ICOの実例―まずは「成功例」と「失敗例」を知ることから始める

前回の記事でも伝えたようにICOとは高いリスクを伴う商品ではあるが、有望なコイン(トークン)を安く購入することができ、ハイリターンが期待できるので世界中の投資家たちは次々と投資をする。

ICOで利益を出すためにはリスクを避けることは絶対条件だが、同じくらいハイリターンになる「傾向」を知っておくことも同じくらい大事なことだ。そのためICOにおける成功例と失敗例の両方を知っておく必要がある。

今回は実際の事例をいくつか紹介し、よく勘違いされる「ICOがスタートした=必ず上場する」とは限らないということを認識して頂きたい。

なぜ実例を知っておく必要があるのか?

なぜICOの成功例、失敗例を知っておく必要があるのか?答えは単純明快で「儲かるため」「損をしないため」だ。

成功例を知識として持っていることで、今後大量に登場するICOの中から以前急騰した銘柄と同系統のICOを選ぶことで成功する確率が格段に上がる。反対に失敗例を知っておくと無駄な投資などのリスクを回避出来る。

今後益々増える傾向にあるICOだが実際には有望なプロジェクトはほんの一握りで、怪しいプロジェクトや価値が一定のまま上がらないコインが大半であることは認識しておこう。

ICOが成功すると価値は購入時の4000倍以上になることもある

有望なプロジェクトはごくわずかとはいえ成功するICOにはたしかに存在する。信憑性のある、精度の高い情報を入手した上でICOトークン選びを行わなければならない。

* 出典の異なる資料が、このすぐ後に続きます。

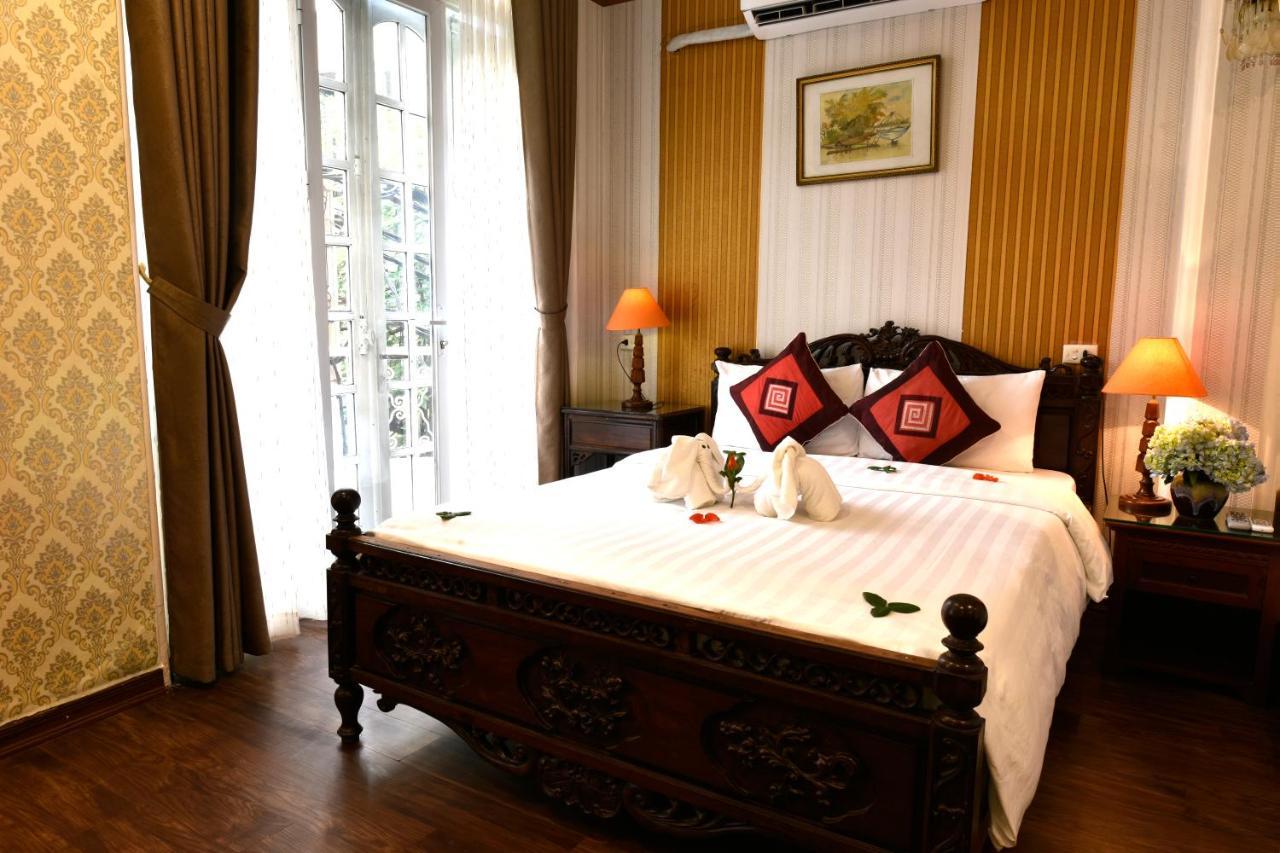 Ha Noi Cue Hub Hotel Hà Nội Ngoại thất bức ảnh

過去にICO成功しトークン価値が何百、何千倍になった銘柄も実在する。ここでは実際にどのくらい価格が高騰するのか過去の成功した事例をチャートを用いて紹介しよう。

ICOの成功事例

まずは様々なプラットフォームで利用されることで通貨としての信頼を得ることに成功したイーサリアム(ETH)の2015年8月7日から2018年2月4日までのチャートを紹介する。

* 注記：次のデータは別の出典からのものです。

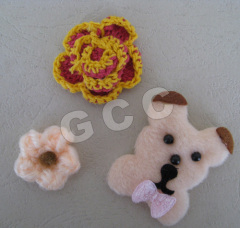 Crochet crafts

【Ethereum チャート】$0.311→$1399.83 +450106%UP

*ICO時の価格と2018年1月高値をベースに算出したもの

次世代イーサリアム(ETH)の呼び声も高いネオコイン(Neo)の2016年9月9日から2018年2月4日までのチャートに注目する。

【NEO チャート】$0.032→$194.20 +606875%UP

*ICO時の価格と2018年1月高値をベースに算出したもの

上昇率が非常に高かったスペクターコイン(XSPEC)の2017年1月15日から2018年2月4日までのチャートを紹介しよう。

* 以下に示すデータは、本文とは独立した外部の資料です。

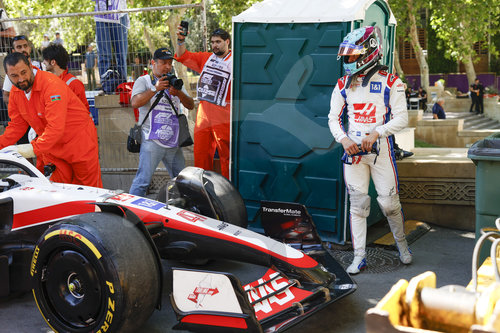 F1 Grand Prix of Azerbaijan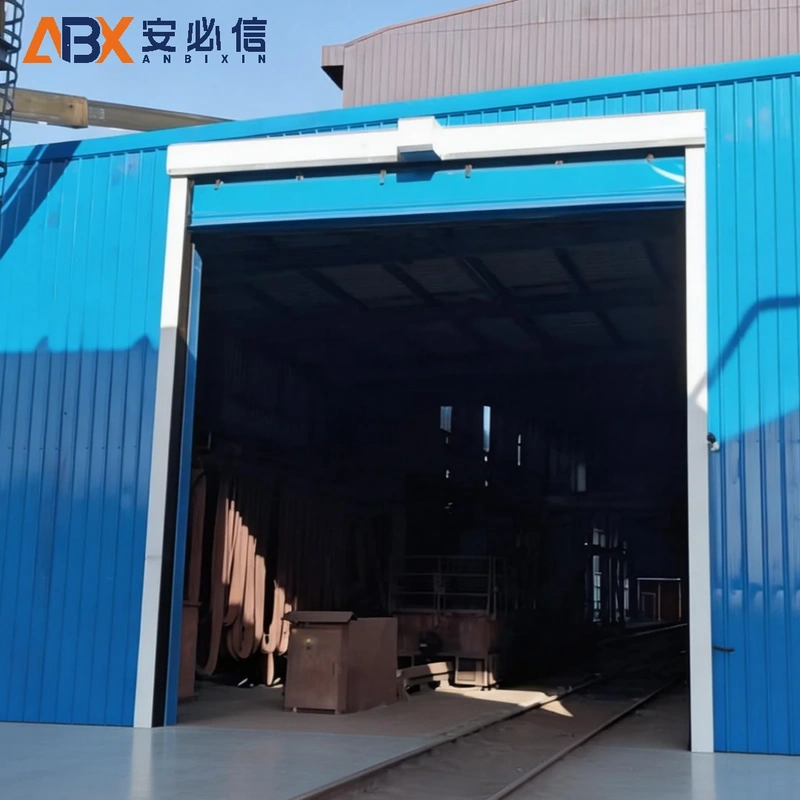 蚌埠市高速堆积门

【XSPEC チャート】$0.001→$6.43 +643000%UP

*ICO時の価格と2018年1月高値をベースに算出したもの           

上記の3銘柄だけを見ても短期間で4,000~5,000倍になっていることがわかる。当たり前の話だが仮に当時1万円分購入後保有し続けていたら4,000~5,000万円の価値になっていた計算になる。そう考えるとかなり夢のある話だ。

特に初期に大量に購入しておけば非常に安価で大量のトークンを入手できるため投資家たちが次々と資金を投入していくのもうなずける。

ICOの失敗にもいろいろなタイプがある

ただ投資には当然リスクを負う可能性が伴う。ICOは失敗する可能性も高い。ただ何をもって「このICOは失敗した」と言うのか?いくつかパターンがあるので知識として知っておくことは決して損ではない。

ICOの半数以上はまだプロジェクトも存在しない状態でスタートする。資金を集めるためだけにICOをスタートさせ計画的に倒産するような企業は詐欺以外の何者でもないが、資金が十分集まらずプロジェクトに失敗し、結果販売した仮想通貨が換金できなくなったというパターンが1番起こり得る。

このような失敗事例がICO全体の半数以上を占めることは知っておいたほうがいいだろう。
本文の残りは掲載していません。